In the past few years, I’ve begun to think of people being, in broad terms, on a spectrum of either giver or receiver.Me Generation image

I’ve also begun to understand that relationships of any sort (family, friendship, business) often hinge on the push and pull of that spectrum.

Does a person lean more toward caretaker, wanting to help others (giver)? Or does a person put themself first (receiver)?

As a Baby Boomer, I grew up in a time often referred to as the Me Generation. It’s a term also often applied now, to Millennials.

Just because two people in a relationship may be at different ends of that spectrum doesn’t doom the relationship. Though the extreme ends are not pretty.

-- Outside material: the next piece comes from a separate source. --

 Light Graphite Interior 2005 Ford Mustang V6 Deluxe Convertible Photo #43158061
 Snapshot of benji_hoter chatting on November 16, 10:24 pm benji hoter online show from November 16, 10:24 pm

The receiver extreme is the narcissist, always putting themselves first (I’d give an example, but I’m determined not to let politics enter the realm of this blog. Oops.). The giver extreme is the control freak people pleaser, also known as enabler (that is the end I tilt to when I was get out of whack).

It’s the extent that we manage our impulses along the spectrum of giving and receiving that allows us to have successful relationships.

Here are two keys I’ve come to believe in and understand through difficult times: 1. Know the place of the other person in your relationship on the spectrum and accept them unconditionally for who they are. 2. Understand your own place on the spectrum and be willing to occasionally adjust your default mode of thinking.

The most important factor, though? Dropping any expectation you have for your loved one to likewise occasionally adjust his or her thinking.

The dynamic of the expectation of tit-for-tat—if I give something up, I should get something back—is a relationship wrecker. A group I belong to has a saying that expectations are nothing but premeditated resentments.

When expectations are not met, we frequently find ourselves “spinning,” which is chewing an issue over relentlessly to figure out if you’ve handled something correctly. Except that every angle tends to end up with justifying how you handled it when you know damn well if you had handled it well, you wouldn’t be spinning.

Naturally, it’s easy to talk about trying to break that spin cycle. Figuring out how to live it is a lot harder.

One classic coping mechanism I’ve used is to change scenery. Stop whatever you’re doing mid-spin. Call a relative or friend. Turn on music. Take a drive. Browse the internet. Mindfulness is a more structured approach and it can be really short. Start by taking deep, mindful breaths.

If there is anything to like about the new information age in which we live, it’s that our brains have been trained to be easily distracted. So the quicker and more you do to distract the blame, the more likely you will break the spin cycle.

Try it sometime. Just don’t lay an expectation on me for suggesting it.